### [Data to examine]
++++++++++

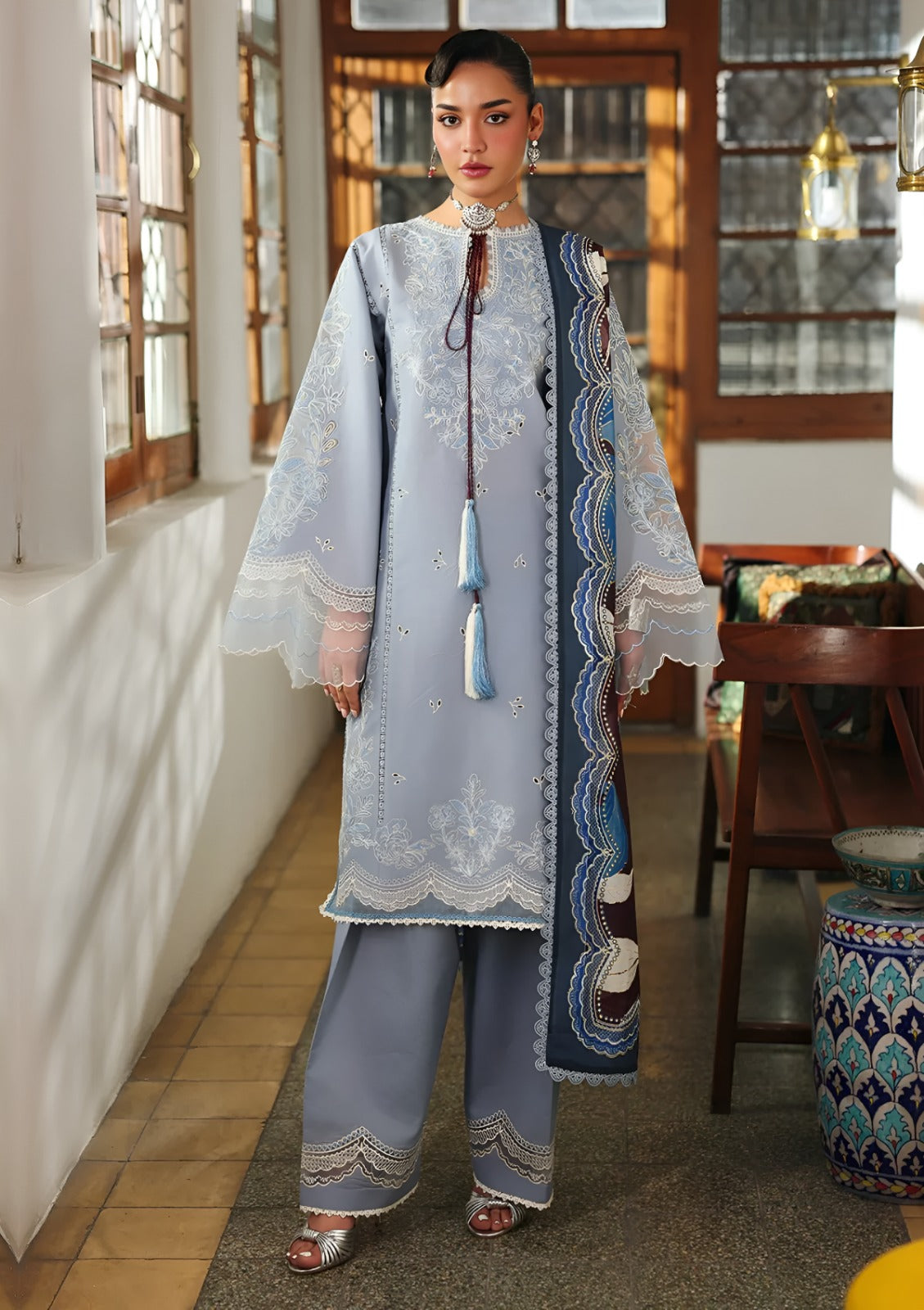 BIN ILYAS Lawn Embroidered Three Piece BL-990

++++++++++

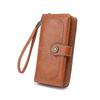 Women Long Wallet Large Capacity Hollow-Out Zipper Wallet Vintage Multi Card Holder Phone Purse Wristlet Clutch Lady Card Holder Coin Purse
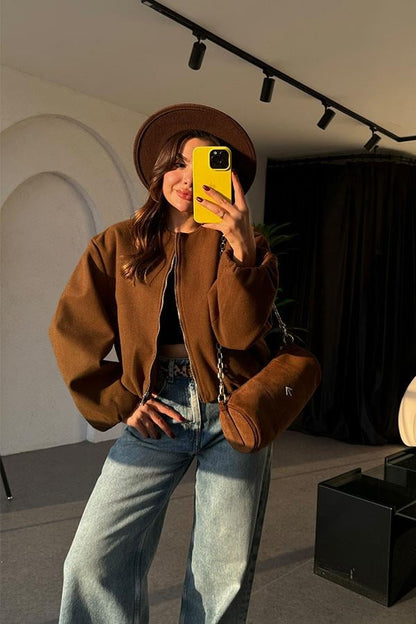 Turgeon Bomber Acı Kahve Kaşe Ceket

++++++++++

Taking the entries above, copy word for word the lines from the one with "Women Long Wallet" up to and including the one with "Turgeon Bomber Acı Kahve Kaşe Ceket", without any picture.

### [Solution to this exercise]
 Women Long Wallet Large Capacity Hollow-Out Zipper Wallet Vintage Multi Card Holder Phone Purse Wristlet Clutch Lady Card Holder Coin Purse
 Turgeon Bomber Acı Kahve Kaşe Ceket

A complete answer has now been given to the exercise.